A este colapso emocional de lo español ha contribuido la indolencia de una derecha inhibida por el remordimiento posfranquista, cargada de abatimiento histórico y de un complejo de culpa que le ha impedido hasta muy tarde levantar un pensamiento nacional moderno, libre, optimista, honorable. Pero sobre todo pesa sobre la izquierda el débito de su encogimiento ideológico, de su relativismo disgregador, de su inexplicable deserción del patriotismo igualitario. El sedicente progresismo ha rechazado la idea de lo español como un concepto casposo, rancio, heredado de la patraña imperial de la dictadura, que ha hecho recaer el anatema de facha sobre cualquier reivindicación de la ciudadanía común.

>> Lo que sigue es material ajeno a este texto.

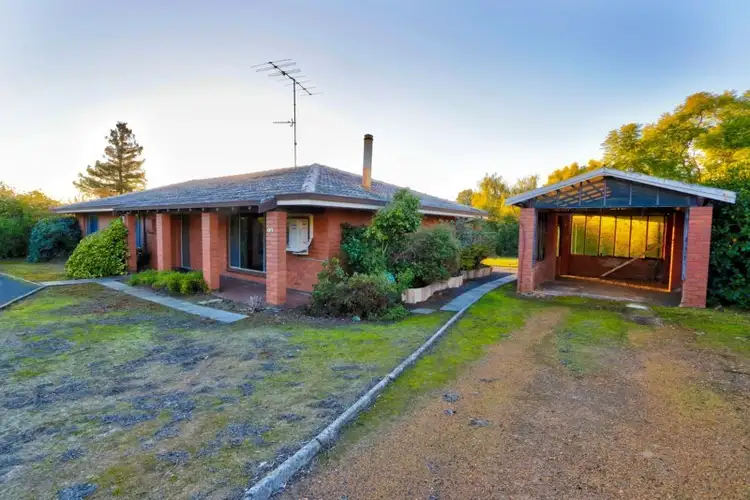 Sixth view of Homely house listing, 73 Blechynden Street, Bridgetown WA 6255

Al exaltar o comprender el divisionismo y ridiculizar como retrógrados los símbolos del Estado, la banal propaganda izquierdista ha desterrado cualquier posibilidad de arraigo entre las nuevas generaciones de una cierta satisfacción de pertenencia. Sólo el deporte en general, y el fútbol en particular, ha catalizado alrededor de sus éxitos una mínima identificación pasional, una superficial sentimentalidad integradora.

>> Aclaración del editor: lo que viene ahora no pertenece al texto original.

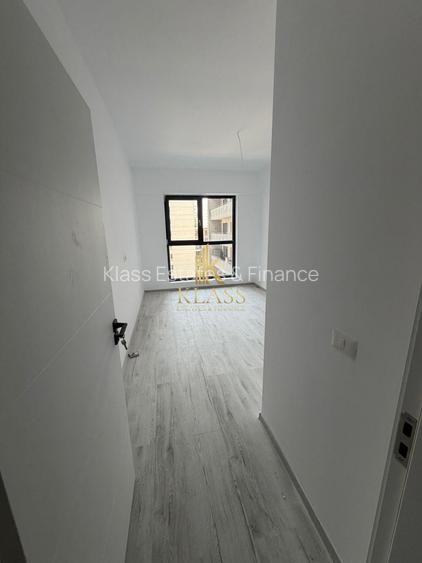 Apartament 2 camere finisat | Loc de parcare subteran | Sofia Sky Residence - 10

En ese marco desestructurado, zarandeado por la crisis política, el encono sectario, el hastío popular y el desafío de ruptura soberanista, la efeméride del 12 de octubre se ha convertido en un festival del agravio. Dirigentes populistas y autoridades autonómicas rivalizan en el desprecio a la unidad y al constitucionalismo con un repertorio de argumentos triviales que demuestran tanto su irrelevancia intelectual como la manifiesta delgadez de nuestro tejido de convivencia. España es un saco de golpes, un cuenco de ventajistas reivindicaciones fragmentarias que cuestionan el proyecto nacional en uno de sus momentos de mayor fragilidad. Con la referencia europea en declive, el riesgo de disgregación es más patente que nunca. Disgregación no sólo territorial, sino moral, mental, anímica. Un desfallecimiento derrotista y melancólico que requiere un esfuerzo de rebeldía contra la visión ensombrecida del nihilismo. Frente a la eterna tentación autodestructiva, la nueva sociedad española necesita rescatarse a sí misma sacudiéndose de una vez la impronta de país maldito.